Apraz-me ainda registar que os autores, não tendo a pretensão de generalizar estes resultados para o conjunto de escolas, visam apenas, de modo talvez demasiado modesto, que o seu trabalho seja útil para que a educação ocorra de modo transparente e reflexivo. É incontornável que os autores deram um enorme contributo no conhecimento e na desconstrução dos contornos e das polissemias da excelência escolar. Por fim, importa salientar que os autores evidenciam como o trabalho sobre o objecto da excelência escolar e académica constitui o iceberg de um campo vasto de combate ideológico: conceito de meritocracia versus a preocupação central da justiça distributiva e social.

 

Notas

1    Levando em linha de conta o importante contributo do falecido Prof. Stephen Stoer na modelação das ideias veiculadas neste livro, os autores prestam-lhe deste modo mais uma homenagem ao seu trabalho. Embora não tenha privado de perto com ele como colega no quotidiano, tive todavia o prazer de ler alguns dos seus trabalhos, devendo evocar também o conhecimento mais próximo numa viagem ao Brasil no Congresso Portugal-Brasil na Fundação Joaquim Nabuco no Recife em 2000.
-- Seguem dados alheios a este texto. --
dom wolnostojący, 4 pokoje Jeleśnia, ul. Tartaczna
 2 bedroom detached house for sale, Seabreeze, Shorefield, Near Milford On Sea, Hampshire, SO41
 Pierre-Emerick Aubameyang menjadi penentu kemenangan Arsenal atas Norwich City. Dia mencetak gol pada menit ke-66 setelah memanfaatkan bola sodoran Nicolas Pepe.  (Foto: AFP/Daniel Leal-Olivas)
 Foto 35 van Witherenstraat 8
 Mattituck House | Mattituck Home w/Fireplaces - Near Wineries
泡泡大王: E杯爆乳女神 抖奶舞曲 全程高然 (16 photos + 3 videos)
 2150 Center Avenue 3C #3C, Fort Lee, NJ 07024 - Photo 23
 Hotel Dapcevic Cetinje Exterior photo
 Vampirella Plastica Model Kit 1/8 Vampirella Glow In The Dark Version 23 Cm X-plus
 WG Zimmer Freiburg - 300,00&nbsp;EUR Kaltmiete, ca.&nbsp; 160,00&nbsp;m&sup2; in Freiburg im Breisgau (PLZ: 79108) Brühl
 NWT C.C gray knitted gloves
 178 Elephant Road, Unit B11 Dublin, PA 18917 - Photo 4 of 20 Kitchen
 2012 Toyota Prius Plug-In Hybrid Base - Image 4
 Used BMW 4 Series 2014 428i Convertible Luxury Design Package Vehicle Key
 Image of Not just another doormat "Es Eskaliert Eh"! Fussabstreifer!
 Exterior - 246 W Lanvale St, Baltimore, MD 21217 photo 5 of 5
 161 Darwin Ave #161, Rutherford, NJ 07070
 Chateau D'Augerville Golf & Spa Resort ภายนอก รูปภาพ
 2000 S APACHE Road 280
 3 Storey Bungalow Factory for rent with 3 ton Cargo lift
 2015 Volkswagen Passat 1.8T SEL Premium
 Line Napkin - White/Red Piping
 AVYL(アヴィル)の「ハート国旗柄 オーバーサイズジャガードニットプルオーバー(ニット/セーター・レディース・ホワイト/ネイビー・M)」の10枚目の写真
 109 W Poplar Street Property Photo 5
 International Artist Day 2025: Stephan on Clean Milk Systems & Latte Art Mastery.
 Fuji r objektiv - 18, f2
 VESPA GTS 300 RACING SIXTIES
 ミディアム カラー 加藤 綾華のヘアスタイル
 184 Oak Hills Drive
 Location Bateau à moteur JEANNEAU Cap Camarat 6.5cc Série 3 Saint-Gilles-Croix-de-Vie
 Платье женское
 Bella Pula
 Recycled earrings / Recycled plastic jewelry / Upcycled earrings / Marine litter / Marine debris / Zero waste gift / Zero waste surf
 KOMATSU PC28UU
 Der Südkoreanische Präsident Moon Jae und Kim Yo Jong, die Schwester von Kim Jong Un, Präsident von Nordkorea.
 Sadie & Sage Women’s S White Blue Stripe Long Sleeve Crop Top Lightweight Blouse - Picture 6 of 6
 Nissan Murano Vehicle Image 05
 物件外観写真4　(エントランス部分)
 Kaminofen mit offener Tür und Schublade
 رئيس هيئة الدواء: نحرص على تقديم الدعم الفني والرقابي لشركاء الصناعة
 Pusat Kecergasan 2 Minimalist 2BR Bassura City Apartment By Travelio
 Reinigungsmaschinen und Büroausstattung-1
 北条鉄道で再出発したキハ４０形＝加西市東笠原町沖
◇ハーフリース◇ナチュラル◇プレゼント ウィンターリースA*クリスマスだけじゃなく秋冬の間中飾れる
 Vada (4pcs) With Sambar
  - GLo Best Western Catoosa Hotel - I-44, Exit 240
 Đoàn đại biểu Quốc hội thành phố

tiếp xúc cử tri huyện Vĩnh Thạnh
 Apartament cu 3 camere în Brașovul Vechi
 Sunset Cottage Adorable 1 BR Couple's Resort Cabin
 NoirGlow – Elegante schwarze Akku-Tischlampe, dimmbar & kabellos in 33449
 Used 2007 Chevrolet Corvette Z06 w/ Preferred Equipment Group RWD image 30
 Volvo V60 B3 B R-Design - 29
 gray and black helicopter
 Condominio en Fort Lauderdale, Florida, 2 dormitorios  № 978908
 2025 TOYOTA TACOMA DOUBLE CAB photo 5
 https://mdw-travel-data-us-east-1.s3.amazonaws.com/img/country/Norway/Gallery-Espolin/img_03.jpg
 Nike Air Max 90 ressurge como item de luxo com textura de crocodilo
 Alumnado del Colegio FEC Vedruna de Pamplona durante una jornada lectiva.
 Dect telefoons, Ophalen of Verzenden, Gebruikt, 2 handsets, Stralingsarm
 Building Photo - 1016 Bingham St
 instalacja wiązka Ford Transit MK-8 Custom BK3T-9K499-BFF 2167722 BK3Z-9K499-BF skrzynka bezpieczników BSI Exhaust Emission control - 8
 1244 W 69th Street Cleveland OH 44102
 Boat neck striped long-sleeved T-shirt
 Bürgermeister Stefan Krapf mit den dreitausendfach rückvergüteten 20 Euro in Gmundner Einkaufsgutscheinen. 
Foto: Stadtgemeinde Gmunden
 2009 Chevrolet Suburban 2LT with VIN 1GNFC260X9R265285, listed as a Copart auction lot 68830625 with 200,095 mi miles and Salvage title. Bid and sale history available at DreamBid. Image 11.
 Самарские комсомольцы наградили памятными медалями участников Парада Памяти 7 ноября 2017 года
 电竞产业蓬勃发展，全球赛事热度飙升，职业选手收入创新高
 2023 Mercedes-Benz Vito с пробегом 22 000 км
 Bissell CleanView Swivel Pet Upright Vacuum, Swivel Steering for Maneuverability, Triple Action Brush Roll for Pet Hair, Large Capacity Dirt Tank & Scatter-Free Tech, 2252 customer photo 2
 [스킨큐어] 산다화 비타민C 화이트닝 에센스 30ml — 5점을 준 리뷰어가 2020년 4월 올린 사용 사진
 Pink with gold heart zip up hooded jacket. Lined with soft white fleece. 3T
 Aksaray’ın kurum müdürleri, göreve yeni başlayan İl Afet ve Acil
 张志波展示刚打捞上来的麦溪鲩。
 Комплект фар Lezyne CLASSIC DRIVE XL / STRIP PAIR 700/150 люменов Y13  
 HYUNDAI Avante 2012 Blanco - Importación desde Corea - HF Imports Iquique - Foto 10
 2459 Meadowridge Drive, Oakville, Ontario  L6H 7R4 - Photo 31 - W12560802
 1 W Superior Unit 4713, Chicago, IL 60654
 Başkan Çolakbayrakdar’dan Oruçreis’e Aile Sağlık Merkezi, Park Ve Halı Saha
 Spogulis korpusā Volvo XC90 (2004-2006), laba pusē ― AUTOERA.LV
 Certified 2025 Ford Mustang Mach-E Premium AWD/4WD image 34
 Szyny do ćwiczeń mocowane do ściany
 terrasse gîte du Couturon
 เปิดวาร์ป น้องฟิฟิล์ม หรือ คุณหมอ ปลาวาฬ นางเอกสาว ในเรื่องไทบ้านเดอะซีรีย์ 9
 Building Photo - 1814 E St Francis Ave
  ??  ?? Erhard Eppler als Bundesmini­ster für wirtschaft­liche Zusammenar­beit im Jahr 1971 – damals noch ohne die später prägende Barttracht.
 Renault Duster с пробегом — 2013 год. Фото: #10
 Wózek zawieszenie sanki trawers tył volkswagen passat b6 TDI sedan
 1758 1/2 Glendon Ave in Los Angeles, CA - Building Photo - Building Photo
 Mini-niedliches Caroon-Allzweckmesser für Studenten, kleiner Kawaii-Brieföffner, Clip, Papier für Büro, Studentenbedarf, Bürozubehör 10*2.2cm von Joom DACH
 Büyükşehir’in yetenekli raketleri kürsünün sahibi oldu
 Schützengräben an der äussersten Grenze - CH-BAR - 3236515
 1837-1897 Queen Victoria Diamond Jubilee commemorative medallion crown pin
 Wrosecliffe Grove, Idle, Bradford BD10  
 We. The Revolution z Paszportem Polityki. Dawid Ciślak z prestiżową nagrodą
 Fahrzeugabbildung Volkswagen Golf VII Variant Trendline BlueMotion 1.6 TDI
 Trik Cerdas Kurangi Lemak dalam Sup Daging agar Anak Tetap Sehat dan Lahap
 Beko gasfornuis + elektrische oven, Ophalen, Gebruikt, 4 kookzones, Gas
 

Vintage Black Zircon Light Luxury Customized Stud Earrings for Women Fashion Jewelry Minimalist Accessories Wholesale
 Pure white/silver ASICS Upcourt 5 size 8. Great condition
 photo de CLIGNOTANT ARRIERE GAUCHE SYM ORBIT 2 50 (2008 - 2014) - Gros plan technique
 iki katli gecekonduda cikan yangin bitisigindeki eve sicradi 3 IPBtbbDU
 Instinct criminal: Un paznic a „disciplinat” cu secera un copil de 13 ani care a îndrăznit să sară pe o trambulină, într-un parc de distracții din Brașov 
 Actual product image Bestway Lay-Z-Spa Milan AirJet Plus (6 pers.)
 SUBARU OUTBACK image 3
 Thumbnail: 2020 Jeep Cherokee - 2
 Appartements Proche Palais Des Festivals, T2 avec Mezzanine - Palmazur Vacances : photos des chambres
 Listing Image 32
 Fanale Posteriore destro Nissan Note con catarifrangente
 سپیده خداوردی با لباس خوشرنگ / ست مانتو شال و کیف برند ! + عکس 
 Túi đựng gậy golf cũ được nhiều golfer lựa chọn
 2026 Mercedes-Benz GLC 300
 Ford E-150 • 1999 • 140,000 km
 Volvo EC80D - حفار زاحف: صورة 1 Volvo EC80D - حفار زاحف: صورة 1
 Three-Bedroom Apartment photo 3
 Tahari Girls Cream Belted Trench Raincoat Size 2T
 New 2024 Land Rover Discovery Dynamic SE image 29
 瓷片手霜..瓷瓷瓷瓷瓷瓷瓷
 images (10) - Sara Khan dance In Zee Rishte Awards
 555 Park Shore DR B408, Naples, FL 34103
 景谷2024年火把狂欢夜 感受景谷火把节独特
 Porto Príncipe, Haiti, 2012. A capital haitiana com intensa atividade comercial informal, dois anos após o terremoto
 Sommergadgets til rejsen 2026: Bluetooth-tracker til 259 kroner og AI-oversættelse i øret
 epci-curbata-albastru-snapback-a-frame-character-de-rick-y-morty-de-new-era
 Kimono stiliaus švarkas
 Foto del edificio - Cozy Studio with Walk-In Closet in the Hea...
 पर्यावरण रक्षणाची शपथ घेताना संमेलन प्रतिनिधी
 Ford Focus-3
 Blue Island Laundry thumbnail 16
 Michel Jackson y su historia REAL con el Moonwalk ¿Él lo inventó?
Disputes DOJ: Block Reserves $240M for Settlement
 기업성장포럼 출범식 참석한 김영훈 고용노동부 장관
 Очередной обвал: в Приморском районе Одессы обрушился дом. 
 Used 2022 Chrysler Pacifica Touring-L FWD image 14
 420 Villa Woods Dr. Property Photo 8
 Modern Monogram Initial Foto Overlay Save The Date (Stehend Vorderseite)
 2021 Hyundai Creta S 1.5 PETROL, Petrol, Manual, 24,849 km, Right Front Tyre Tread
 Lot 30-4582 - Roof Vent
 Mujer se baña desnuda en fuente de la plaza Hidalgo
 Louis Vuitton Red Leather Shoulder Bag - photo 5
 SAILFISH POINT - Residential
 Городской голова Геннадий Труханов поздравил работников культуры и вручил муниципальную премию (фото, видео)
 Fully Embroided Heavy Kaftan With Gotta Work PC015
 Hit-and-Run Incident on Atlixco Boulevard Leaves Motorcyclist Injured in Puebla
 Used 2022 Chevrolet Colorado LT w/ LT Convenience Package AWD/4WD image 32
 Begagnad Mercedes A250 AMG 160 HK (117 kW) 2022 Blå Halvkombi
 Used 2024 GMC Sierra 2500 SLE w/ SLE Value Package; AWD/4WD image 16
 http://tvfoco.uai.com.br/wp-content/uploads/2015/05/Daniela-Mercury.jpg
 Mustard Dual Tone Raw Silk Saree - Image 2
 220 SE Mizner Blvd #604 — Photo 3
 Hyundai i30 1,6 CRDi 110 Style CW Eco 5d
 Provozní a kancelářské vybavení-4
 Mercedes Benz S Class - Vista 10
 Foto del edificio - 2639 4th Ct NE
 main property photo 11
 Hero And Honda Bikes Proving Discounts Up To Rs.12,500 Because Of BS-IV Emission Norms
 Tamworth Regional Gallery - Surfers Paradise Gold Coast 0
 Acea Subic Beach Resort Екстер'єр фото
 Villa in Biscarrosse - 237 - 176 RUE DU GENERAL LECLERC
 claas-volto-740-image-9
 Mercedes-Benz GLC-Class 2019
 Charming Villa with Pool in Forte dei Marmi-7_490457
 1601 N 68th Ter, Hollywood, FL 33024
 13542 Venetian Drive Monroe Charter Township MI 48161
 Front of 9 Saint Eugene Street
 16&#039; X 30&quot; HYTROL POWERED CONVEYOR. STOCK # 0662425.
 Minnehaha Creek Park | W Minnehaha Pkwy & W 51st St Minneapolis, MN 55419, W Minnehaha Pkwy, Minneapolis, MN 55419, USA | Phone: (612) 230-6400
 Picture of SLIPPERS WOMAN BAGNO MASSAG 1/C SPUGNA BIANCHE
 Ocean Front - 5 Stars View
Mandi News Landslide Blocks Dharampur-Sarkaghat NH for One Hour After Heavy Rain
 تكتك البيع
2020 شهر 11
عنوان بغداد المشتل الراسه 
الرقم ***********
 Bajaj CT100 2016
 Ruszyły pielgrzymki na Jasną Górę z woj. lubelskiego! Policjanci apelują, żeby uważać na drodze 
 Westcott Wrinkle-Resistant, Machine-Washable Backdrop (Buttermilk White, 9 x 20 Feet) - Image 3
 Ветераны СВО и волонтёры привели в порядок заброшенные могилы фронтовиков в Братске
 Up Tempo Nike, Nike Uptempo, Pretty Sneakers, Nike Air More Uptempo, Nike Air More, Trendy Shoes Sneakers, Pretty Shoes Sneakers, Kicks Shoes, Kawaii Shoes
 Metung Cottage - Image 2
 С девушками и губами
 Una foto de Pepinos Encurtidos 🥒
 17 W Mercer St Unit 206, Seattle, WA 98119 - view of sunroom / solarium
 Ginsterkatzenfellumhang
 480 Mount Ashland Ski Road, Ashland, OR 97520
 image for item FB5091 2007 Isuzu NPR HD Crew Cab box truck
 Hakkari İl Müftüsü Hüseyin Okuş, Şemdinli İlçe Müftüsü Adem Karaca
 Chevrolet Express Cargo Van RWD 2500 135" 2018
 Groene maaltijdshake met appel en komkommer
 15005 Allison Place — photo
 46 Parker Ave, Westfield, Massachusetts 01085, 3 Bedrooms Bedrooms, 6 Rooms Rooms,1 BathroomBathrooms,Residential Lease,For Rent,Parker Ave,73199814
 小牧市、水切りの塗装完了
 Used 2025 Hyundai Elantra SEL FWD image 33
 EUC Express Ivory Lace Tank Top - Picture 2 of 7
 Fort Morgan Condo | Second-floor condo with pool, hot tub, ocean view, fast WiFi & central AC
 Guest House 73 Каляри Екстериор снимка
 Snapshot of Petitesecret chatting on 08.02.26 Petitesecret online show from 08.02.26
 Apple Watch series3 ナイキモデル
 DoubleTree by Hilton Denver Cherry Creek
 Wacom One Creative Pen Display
2   Este conceito hoje cada vez mais vulgarizado, bem presente em economistas de referência como o prémio Nobel Amarthya Sen (1999), na sua excelente obra Desenvolvimento como Liberdade, evidencia como esta, para além do seu significado jurídico-formal, só será real, desde que os grupos e indivíduos tenham a capacitação de dispor de recursos para desenvolver-se como cidadãos com direitos efectivos. Em abono da verdade, diga-se, porém, que o conceito de empoderamento, apresentado como novidade e quase lema político-institucional, reivindicado pelas instâncias oficiais, designadamente a União Europeia, é bem velhinho e remonta a Max Weber (1978) quando apresenta o poder de disposição (verfugungsgewalt) ou capacitação, capacidade ou controlo sobre recursos como um dos conceitos centrais da sua obra.

 

Bibliografia

BERNSTEIN, Basil (1976). Class, Codes and Control. Londres: Routledge

SEN, Amarthya (1999). Development as Freedom. Oxford: Oxford University Press.

WEBER, Max (1978). Economy and Society. In G. Roth & C. Wittich (eds.), Berkeley y Los Angeles: University of California Press.